MLOps Engineer - ML Infra / MLOps / ML Platform
$250,000 + $700,000 equity (4 year vest + annual freshers)
San Francisco - hybrid 3 days in office
Series D Tech firm
You'll join our rapidly expanding client as an MLOps Engineer in their MLOps team. In this role, you'll be instrumental in building and maintaining a foundational ML platform that spans the full ML lifecycle. This platform is designed for consumption by ML engineers and data scientists, enabling them to train, deploy, and manage ML models efficiently.
Key Responsibilities
- Analyze, troubleshoot, coordinate, and resolve complex infrastructure issues.
- Build, operate, and maintain a low-latency, high-volume ML serving layer for online and batch inference use cases.
- Orchestrate Kubernetes and ML training/inference infrastructure as part of an ML platform.
- Manage environments, interfaces, and workflows to support ML engineers in developing, building, and testing ML models and services.
- Expand the feature store implementation, enabling self-service data labeling, feature engineering, and batch inferencing.
- Reduce latency for model inference to achieve real-time model serving.
- Develop automation workflows to enhance team efficiency and ML stability.
- Improve efficiency, scalability, and stability of various system resources.

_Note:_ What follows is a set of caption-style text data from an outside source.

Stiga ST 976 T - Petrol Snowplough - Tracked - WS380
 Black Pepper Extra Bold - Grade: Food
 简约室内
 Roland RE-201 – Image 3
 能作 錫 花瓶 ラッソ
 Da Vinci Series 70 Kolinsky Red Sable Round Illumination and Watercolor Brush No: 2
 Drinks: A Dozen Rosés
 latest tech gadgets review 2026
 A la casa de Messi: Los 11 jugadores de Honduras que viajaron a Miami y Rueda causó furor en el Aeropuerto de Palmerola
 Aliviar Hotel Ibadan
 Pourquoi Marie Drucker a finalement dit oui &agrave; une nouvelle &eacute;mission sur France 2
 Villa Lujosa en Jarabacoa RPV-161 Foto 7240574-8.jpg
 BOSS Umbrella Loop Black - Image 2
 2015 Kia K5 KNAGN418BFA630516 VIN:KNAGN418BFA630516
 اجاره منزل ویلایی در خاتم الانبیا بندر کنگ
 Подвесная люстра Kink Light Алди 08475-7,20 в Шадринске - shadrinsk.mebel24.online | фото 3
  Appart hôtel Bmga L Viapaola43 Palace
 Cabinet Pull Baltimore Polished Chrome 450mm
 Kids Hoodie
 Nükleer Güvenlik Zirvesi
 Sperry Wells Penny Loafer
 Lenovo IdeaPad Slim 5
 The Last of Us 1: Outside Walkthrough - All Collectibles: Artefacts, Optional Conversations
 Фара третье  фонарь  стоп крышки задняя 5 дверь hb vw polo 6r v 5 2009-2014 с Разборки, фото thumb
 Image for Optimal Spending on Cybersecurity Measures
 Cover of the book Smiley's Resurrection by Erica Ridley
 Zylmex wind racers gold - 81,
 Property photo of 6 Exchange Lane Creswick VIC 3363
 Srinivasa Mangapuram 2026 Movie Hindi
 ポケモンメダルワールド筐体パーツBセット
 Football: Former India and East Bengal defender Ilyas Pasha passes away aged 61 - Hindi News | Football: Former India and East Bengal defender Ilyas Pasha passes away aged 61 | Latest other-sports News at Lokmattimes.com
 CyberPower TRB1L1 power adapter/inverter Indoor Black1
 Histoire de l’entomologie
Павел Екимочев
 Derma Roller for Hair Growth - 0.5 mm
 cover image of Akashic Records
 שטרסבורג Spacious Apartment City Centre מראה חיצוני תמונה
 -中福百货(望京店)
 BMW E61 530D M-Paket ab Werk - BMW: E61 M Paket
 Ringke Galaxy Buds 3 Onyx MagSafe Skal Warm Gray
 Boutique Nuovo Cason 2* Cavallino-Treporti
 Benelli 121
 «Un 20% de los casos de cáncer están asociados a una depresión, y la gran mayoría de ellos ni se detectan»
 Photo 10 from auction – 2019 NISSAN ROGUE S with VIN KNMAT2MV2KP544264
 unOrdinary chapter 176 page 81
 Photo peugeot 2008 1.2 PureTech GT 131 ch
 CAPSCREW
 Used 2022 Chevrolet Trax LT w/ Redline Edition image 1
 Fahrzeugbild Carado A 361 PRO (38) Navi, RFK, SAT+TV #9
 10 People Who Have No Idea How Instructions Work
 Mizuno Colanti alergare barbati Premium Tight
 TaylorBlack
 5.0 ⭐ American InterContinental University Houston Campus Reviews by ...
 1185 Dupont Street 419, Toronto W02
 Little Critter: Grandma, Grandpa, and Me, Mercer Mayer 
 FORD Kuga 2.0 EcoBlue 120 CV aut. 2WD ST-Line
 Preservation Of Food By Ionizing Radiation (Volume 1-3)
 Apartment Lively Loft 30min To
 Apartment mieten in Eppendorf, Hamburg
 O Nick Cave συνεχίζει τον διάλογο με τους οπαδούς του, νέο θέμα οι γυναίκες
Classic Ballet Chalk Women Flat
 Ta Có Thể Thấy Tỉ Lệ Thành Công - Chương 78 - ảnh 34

- Collaborate with other teams and stakeholders to deliver business initiatives.
- Onboard new team members, providing mentorship and facilitating their ramp-up on the team's code bases.
About You
- 5+ years in MLOps, Platform Engineering, DevOps, or Infrastructure.
- Expertise in building infrastructure for ML platforms and managing CPU/GPU compute.
- Proficient in Infrastructure as Code using Terraform.
- Familiar with CI/CD tools like Jenkins, CircleCI, Argo Workflows, and ArgoCD.
- Strong background in software development and passionate about applying it to ML infrastructure.
- Experienced with observability tools such as Splunk, Nagios, Sensu, Datadog, and New Relic.
- Proficient with containers and container orchestration, with hands-on experience in Docker and Kubernetes.
Work Environment
- Technologies: Python, Snowflake, SQL, DBT.
- Tools: Looker for data visualization.
- Backend: Java and Python microservices with Spark, Kinesis, Airflow, Snowflake, and Postgres on AWS.
- Teams Supported: Client Strategy, Product Management, Sales, Marketing, Finance, Engineering, Design, and Leadership.
Benefits
- Competitive perks and benefits, including health & wellness and equity options.
- Opportunity to join a rapidly growing team and influence the architectural roadmap.